Re: [PATCH] ring-buffer: Simplify reservation with try_cmpxchg() loop

Steven Rostedt Sat, 20 Jan 2024 05:47:23 -0800

On Fri, 19 Jan 2024 20:49:36 -0500
Mathieu Desnoyers <mathieu.desnoy...@efficios.com> wrote:


> >> Let's say we have the following ktime_get() values (monotonic timestamp 
> >> value) for
> >> a sequence of events:
> >>
> >>                                     Timestamp (Hex)    Encoding in the 
> >> trace
> >>
> >> Packet header timestamp begin     0x12345678         64-bit: 0x12345678
> >>
> >> Event 1                           0x12345678         16-bit: 0x5678
> >>      (When decoded, same value as previous timestamp, no overflow)
> >> Event 2                           0x12347777         16-bit: 0x7777
> >>      (When decoded, going from "0x5678" to "0x7777" does not overflow 
> >> 16-bit)
> >> Event 3                           0x12350000         16-bit: 0x0000
> >>      (When decoded, going from "0x7777" to "0x0000" overflow 16-bit 
> >> exactly once
> >>       which allows the trace reader to reconstruct timestamp 0x12350000 
> >> from the
> >>       previous timestamp and the 16-bit timestamp encoding.)
> >> Event 4                           0x12370000         64-bit: 0x12370000
> >>      (Encoding over 16-bit not possible because going from 0x12350000 to
> >>       0x12370000 would overflow 16-bit twice, which cannot be detected
> >>       by a trace reader. Therefore use the full 64-bit timestamp in the
> >>       "large" event header representation.)  
> > 
> > I think that's basically what I said, but you are just looking at it
> > differently ;-) Or should I say, you are using bits for optimization.  
> 
> Based on your explanation below, we are really talking about different things
> here. Let me try to reply to your explanation to try to show where what I am
> doing completely differs from what you have in mind. This will help explain
> how I handle 16-bit overflow as well.
> 
> > The events are based off of the last injected timestamp.  
> 
> Incorrect. There is no "injected timestamp". There is only a concept
> of the "current timestamp" as we either write to or read from the
> event stream. I will take the point of view of the trace reader for
> the rest of the discussion.
> 
> > The above example,
> > starts with an timestamp injection into the packet header: 0x12345678, with
> > the lsb 16bits ignore.  
> 
> Wrong again. The 16 least significant bits are not ignored. The "current 
> timestamp"
> is really 0x12345678 when the packet header is read.

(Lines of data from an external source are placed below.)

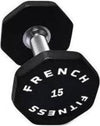French Fitness Urethane 8 Sided Hex Dumbbell 15 lbs - Single (New)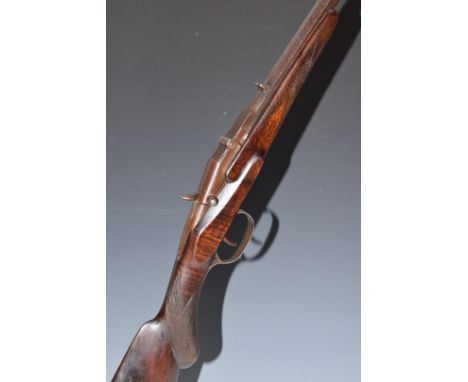 Belgian 9mm hammer action shotgun with alignment sights, chequered semi-pistol grip and 23 inch smooth bored octagonal barrel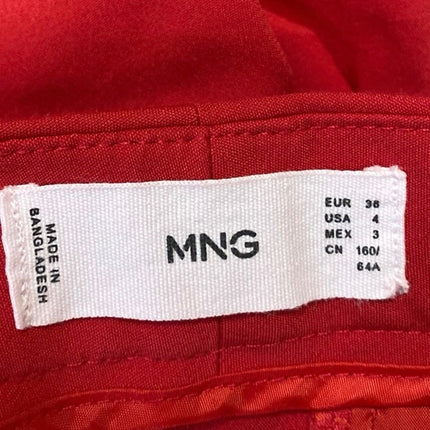 MNG Mango Women's Red High Waisted Tapered Leg Cropped Trousers Pants Size 4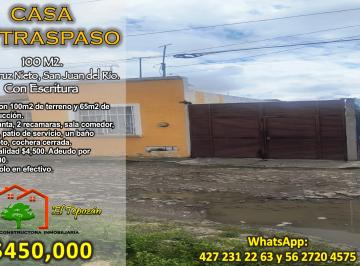 Casa de 2 habitaciones, San Juan del Río · Casa en Traspaso en Santa Cruz Nieto San Juan del Río.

In the packet header you have 0x12345678 in the first event you have
0x5678 how does that get you the timestamp? If that event had 0x8888,
when the reader reads this packet, it would take the header 0x12345678
chop off (ignore) the 5678, and add the 8888, right?

> 
> > So in actuality, it inserts 0x12340000, plus adds a
> > 5678 that represents the creation of the header (like we discussed about in
> > the last tracing meeting).  
> 
> There is no "0x12340000" reference time. There is only the actual 0x12345678
> current time at packet begin, including those 16 low order bits.

It could be 0x12341111 for all I care. I know you use that as the start
time for when tracing starts. But for the events in the packet (which
is what I care about) that bottom 16 bits in the packet header isn't
necessary.

> 
> > 
> > The first event has: 0x5678 which is based on the previous injected
> > timestamp of 0x12340000.  
> 
> It is not "based" on the previous injected timestamp. It just represents
> the low-order 16-bits of the timestamp at event 1. The trace readers takes
> two informations to compute the complete current timestamp for event 1:
> 
> 1) The current timestamp just before event 1 is read (0x12345678),

And where does that reader get that information from? Either the packet
header, or you need to inject a timestamp somewhere, don't you?

> 2) The low-order 16 bits of event 1 (0x5678).
> 
> Given that there is no 16-bit overflow when comparing:
> 
> 0x12345678 & 0xFFFF and 0x5678
> 
> We know that the resulting current timestamp for event 1 is:
> 
> (0x12345678 & ~0xFFFF) + 0x5678 = 0x12345678

And above you ignore the least 16 bits ;-)

> 
> Or basically that time did not move between the packet header and event 1.
> 
> > 
> > the events go on just using a delta from that until you see it overflow (or
> > too big of a delta to fit in the 16 bits), and you insert a new full
> > timestamps that everything will be based on:
> > 
> >    0x12370000  
> 
> No. The following events use the same algorithm I just described: They use

Right, you mask off the bits of the timestamp.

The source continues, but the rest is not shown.